I’ve attached links to a few pictures of the finished product. I always think I’ll document the process but truth be told I get such a kick out of building things that I rarely remember to stop and take pictures. I suppose I could take it back apart and fake it, but I don’t wanna. 🙂

So basically it’s designed so that the focuser will be at eye level when pointed at the zenith. I did this because I didn’t want to EVER have to stand on tip-toes or get a stepstool to use my scope. It makes for some awkward bending when you get closer to the horizon, but the tube can be rotated so that you’re looking down into the EP which helps.

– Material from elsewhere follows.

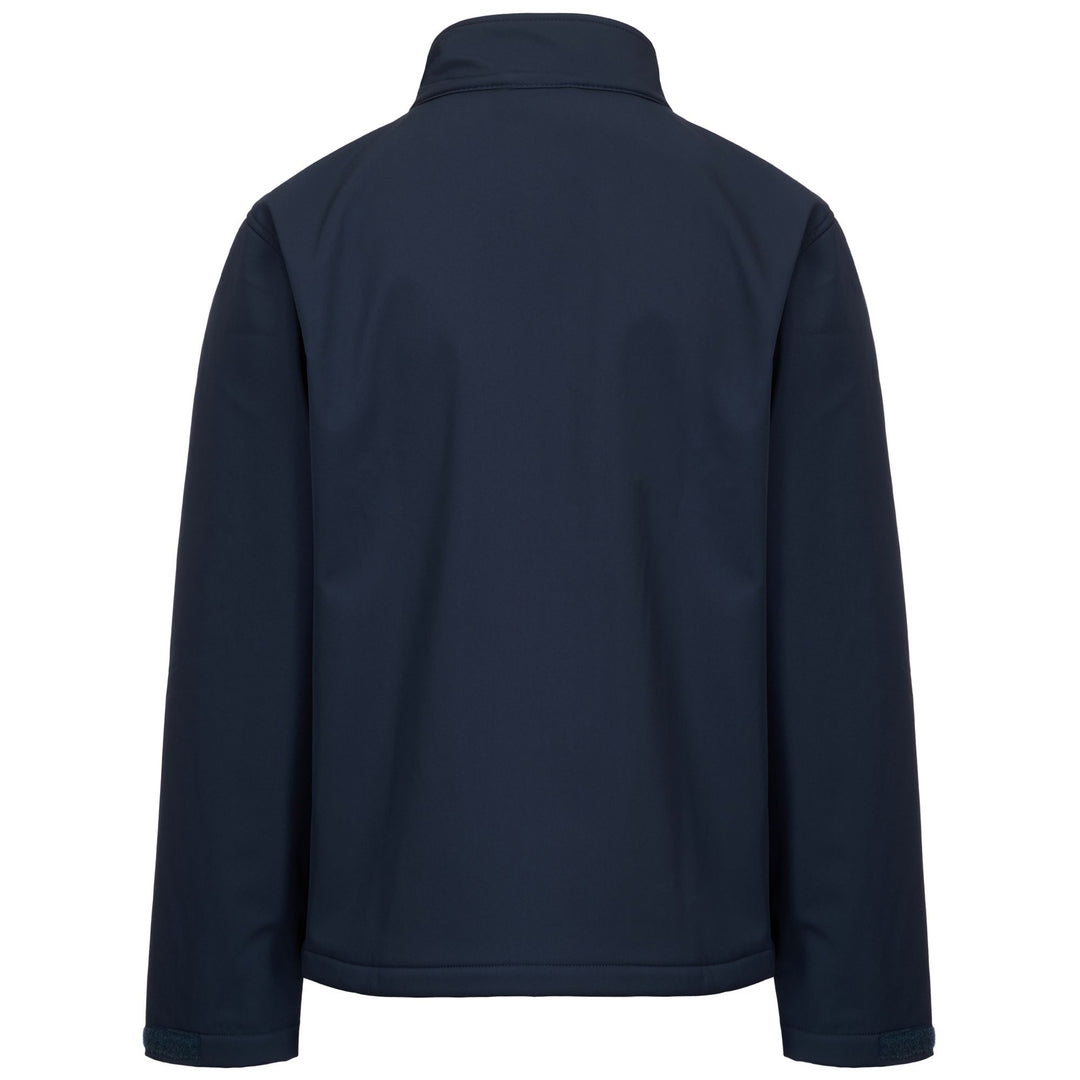 Grey Men's Waterproof Softshell Jacket with Pockets main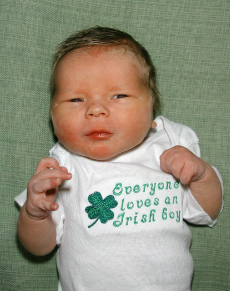 Welcome Liam Foley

I cut the altitude bearings out of generic 2×12 planks, by hand, with a band saw. I then sanded them smooth with a clamped (upside)down belt sander. I bolted them together during the sanding so that they would be uniform in shape and size.   The Cradle was cut from the same 2×12” plank, again with the band saw to get the curve, but as you can tell I was only going for a general “U” shape. I had actually considered half-octagons instead… but the curve turned out to be easier. Into those cradles I placed 3 smaller blocks caped with Teflon tape. The bottom block prevents the bearings from sliding from side to side, while the other two act as the outer race of the bearing.

The upright box is simply made of ½” oak plywood. I cut the altitude bearings out of a square, which yielded 8, 90 degree quarter circles (the outside corners). I used those to join all the 1/2” sides together and help eliminate twisting when under rotational torque. It’s quite stout, much more so than I figured it would be.

The base is a simple 24” square with scrap 2×4’s for feet. I purchased a 12” lazy Susan ball bearing to attach the base to the box, and outside off being a bit noisy it works well. Basically you hear the balls moving when you rotate the box. Not bad but more noise than Teflon tape. But moves better.

Anyway when all mounted up with the scope all directions seem to work rather well. The movement is very smooth, although the altitude bearings are tighter than the azimuth bearing. The scope has been balanced and holds its position well.

Not bad for a first try.   When time allows, I need to tear it back down, do some edge sanding, and paint it. Probably a generic black.

The best part of this build, is that I will now have 3 decent scopes to work with. Very convenient since there are three of us. The caveat being that the Konus probably isn’t a decent scope…   But it’s good enough for me to use while my wife and daughter are using the other two.   Live is good indeed.